Abro
la puerta de mi casa, y me encuentro con la mirada de mi padre. Pero
es una mirada llena de enfado, odio, y me hace estremecerme. Mi madre
está detrás, y me mira con frialdad. Entonces habla mi padre. Duro.
-Vas
a un internado. Ya, se acabó.
Abro
la boca, estupefacta; no he hecho nada, esta vez no. No tienen
ninguna razón.
-Mañana
coges un tren en la estación del pueblo. Irás directa. Y esperamos
no tener que tenerte más en casa-añade mi madre.
Sigo
sin entender nada, pero algo me dice que no me darán razones, y que
yo sólo puedo empeorar las cosas, por lo que me mantengo callada.
Subo
a mi cuarto, y antes de poder hacer nada más, me echo a llorar. De
rabia, de miedo. Miedo al odio de mis padres, miedo a la forma de la
que me han hablado: como si no me reconocieran. Esto es injusto, y lo
sé. Pero me siento pequeña, ´débil e impotente. Y eso también me
asusta. Es la primera vez que me siento así frente a mis padres.
Mi
madre entra en el cuarto, sin hacer un sólo ruido, y me tira algo,
que no puedo coger, y que me cae en la cabeza. Es mi diario. Una
vieja libreta que tengo desde muy pequeña, con tapas de cuero. Ya ni
sé que he escrito en él, pero el mensaje de mi madre es claro: no
quieren saber nada de mí, y me dejan toda mi infancia, encerrada
entre estas tapas.
Con
un nudo en la garganta, saco mi maleta y empiezo a llenarla con todas
mis pertenencias. Mi cuarto es pequeño, y tengo pocas cosas, por lo
que no tengo ningún problema en hacer que todo quepa.
Esa
noche no puedo dormir casi. Me acurruco en mi vieja manta, y lloro,
me siento desesperada. Cuando finalmente se me cierran los párpados,
sueño con lo que pasó anoche:
Estoy
sentada ante la chimenea del pequeño salón de mi casa, en una aldea
de Galicia. Estamos en noviembre, y hace frío, por lo que me
acurruco mejor, bebiendo sorbos de mi tila, cuando oigo el grito. Es
un grito que hace que me estremezca entera. Un grito cargado de dolor
y miedo, el grito de la muerte.

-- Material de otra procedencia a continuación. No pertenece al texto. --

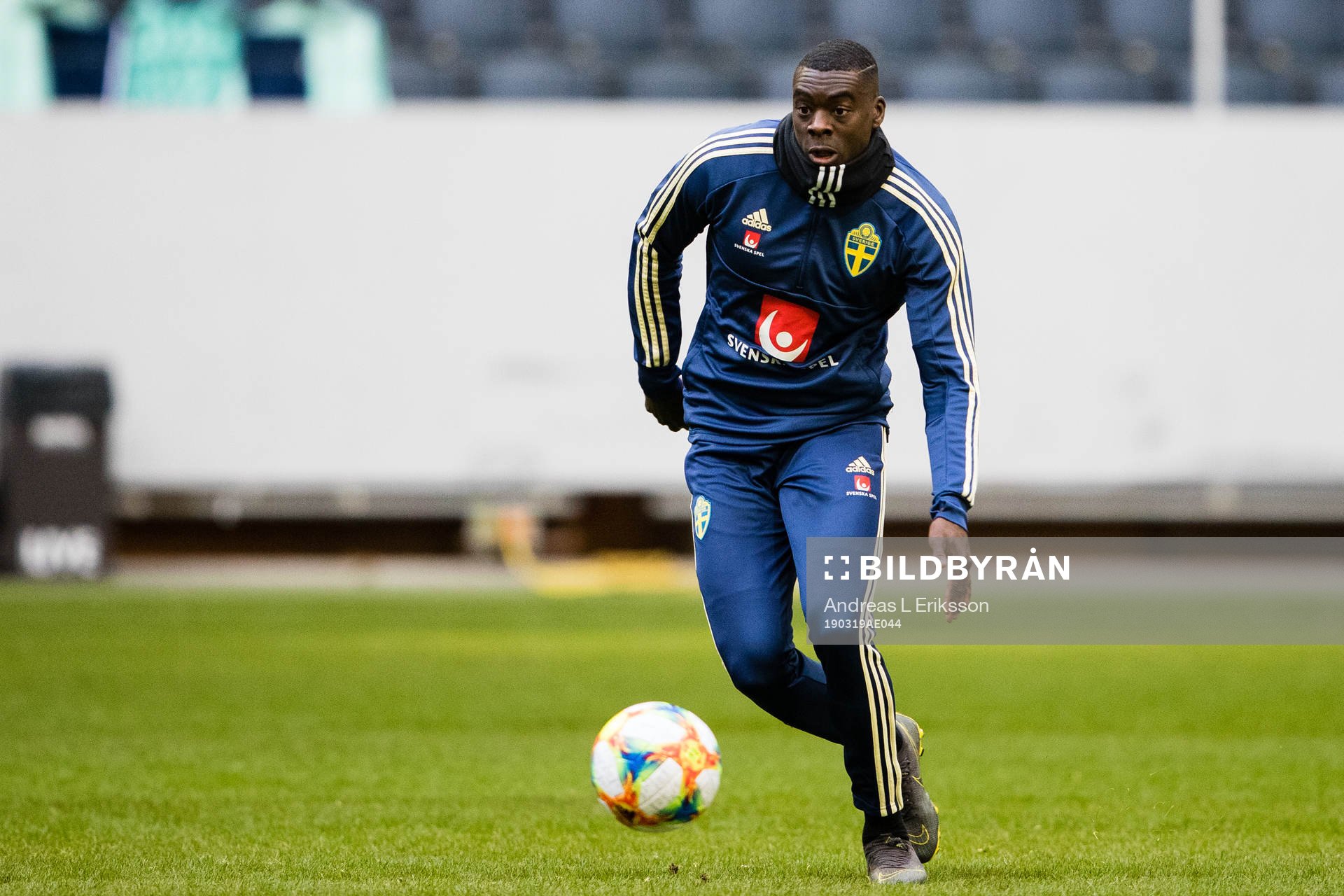 Ken Sema of Sweden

Proviene de la casa vecina. Sé que
en ella vive un anciano que siempre me ha tratado muy bien, dándome
pan y galletas. Inmediatamente me pongo en pie, y salgo disparada de
la casa, temblando. Mis padres no están conmigo esta noche, han
salido, y para variar, no sé cuál es la razón.
Las
luces de la casa vecina están apagadas, y la puerta abierta de par
en par. No vacilo. Entro, y lo que veo me deja de piedra: Sobre el
suelo de la entrada, hay un bulto inmóvil. Sé qué es. Mejor dicho,
quién es, pero una parte de mí se revela ante la verdad. Dos ojos
muertos, blancos, desenfocados me miran en la oscuridad de la noche.

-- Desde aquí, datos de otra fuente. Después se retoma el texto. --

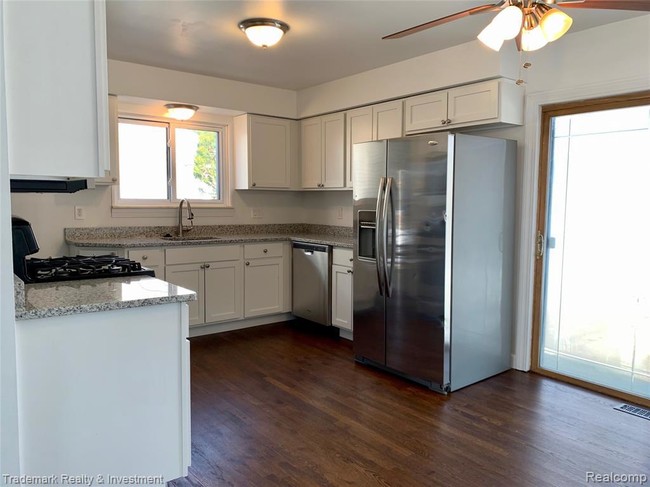 Building Photo - 8258 Perrin Ave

Me vuelvo a estremecer, y de pronto ya no me siento segura en mi
casa, en mi pueblo. Huelo el miedo, huelo la muerte, la traición, en
este asesinato. Cuando las autoridades ven que el cuerpo estaba
intacto por fuera y por dentro, supusieron que había muerto de
vejez. Pero yo sé que ha sido asesinado. NO sé cómo ni por qué,
pero sé que o ha muerto naturalmente. Me caigo al suelo de rodillas,
y tiemblo aún más cuando se llevan el cadáver. Ni siquiera lo van
a enterrar, porque no tiene familia. Nadie lo quería, nadie, salvo
yo, comprendo.
Cuando
me acuesto esa noche, pienso en mis padres. Los veo relacionados con
esa muerte, y el miedo me vuelve a invadir...
Me
despierto, jadeante. Fue traumatizante esa experiencia, pero ahora
tengo que vivir una terrible injusticia. Me levanto y me abrigo, para
bajar con las maletas al salón. Si pensaba que me dieran una buena
comida o una despedida emotiva, me he equivocado, y mucho; mis padres
me miran casi con más odio que ayer, me empujan al exterior, y
cierran la puerta con un portazo. Hay una carreta tirada por dos
caballos negros y viejos, y el conductor, un señor de mediana edad,
tuerto y desagradable, me hace entrar. Lo último que veo antes de
sumirme otra vez en las brumas
del
miedo son los ojos de mis padres, llenos de alivio. No puedo evitar
pensar que sólo querían deshacerse de mí.